06 December 2016

Can We Give Them Back to Mexico?

Texas has spent hundreds of millions, if not billions of dollars in corporate welfare because of a typographical error in an obscure article:
What if Texas blew billions of dollars because someone misread an obscure business report 15 years ago?

n March, the Observer took a close look at the state’s largest corporate welfare program, the Texas Economic Development Act, which is meant to attract new business to the state by offering companies big breaks on their property tax bills. The program, often called “Chapter 313” after its place in the tax code, was born 15 years ago out of a fear that Texas was losing its competitive edge to Louisiana, Arizona and other states with generous incentives. As we wrote in March:
For years, Texas had been a perennial finalist for the Governor’s Cup, awarded annually by Site Selection magazine to the state with the year’s most million-dollar development projects. But by 2000, Texas had dropped to 37th.
That was a key piece of evidence used by proponents of the program to sway lawmakers. First cited at a committee meeting at the Capitol in 2001, the No. 37 ranking was later repeated by lawmakers, nonprofits and media outlets (including this one) dozens of times.

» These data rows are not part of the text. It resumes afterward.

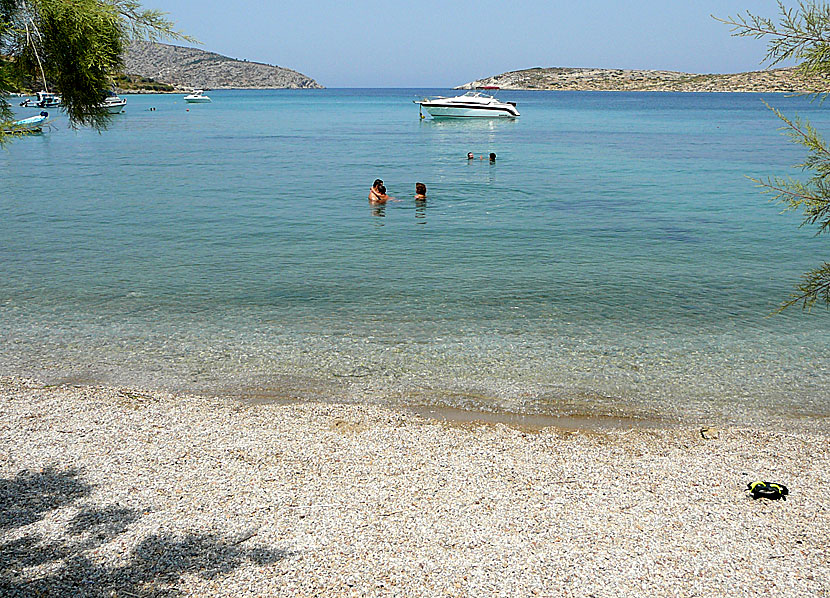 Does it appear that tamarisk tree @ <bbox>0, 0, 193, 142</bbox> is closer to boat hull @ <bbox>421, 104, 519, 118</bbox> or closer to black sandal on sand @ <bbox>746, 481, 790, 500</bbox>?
black sandal on sand @ <bbox>746, 481, 790, 500</bbox>

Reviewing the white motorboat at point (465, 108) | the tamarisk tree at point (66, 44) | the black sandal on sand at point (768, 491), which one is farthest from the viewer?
the white motorboat at point (465, 108)

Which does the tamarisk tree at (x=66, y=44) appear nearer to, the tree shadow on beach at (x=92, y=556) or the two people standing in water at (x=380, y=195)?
the tree shadow on beach at (x=92, y=556)

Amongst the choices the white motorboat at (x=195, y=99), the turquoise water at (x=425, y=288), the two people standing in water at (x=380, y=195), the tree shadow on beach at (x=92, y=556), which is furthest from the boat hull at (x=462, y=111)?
the white motorboat at (x=195, y=99)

But according to a new Senate committee report, that number was wildly inaccurate.


………

Lieutenant Governor Dan Patrick included a review of the Chapter 313 program in his interim charges for the Legislature, and the Senate Committee on Natural Resources and Economic Development released its findings in mid-November. The report is critical of the program for a number of reasons, but its greatest revelation is that Chapter 313 was initially sold to lawmakers on a lie — or, at least, a typo.

………

“The unavoidable conclusion,” according to the report, “is that the case for passing the largest economic development incentive program in the State’s history may have been based on the fear incited by a magazine’s typographical error.”



Of course, spending taxpayer money on rich people is a part of Texas' political DNA.

I wonder how much we would have to pay Mexico to take it back.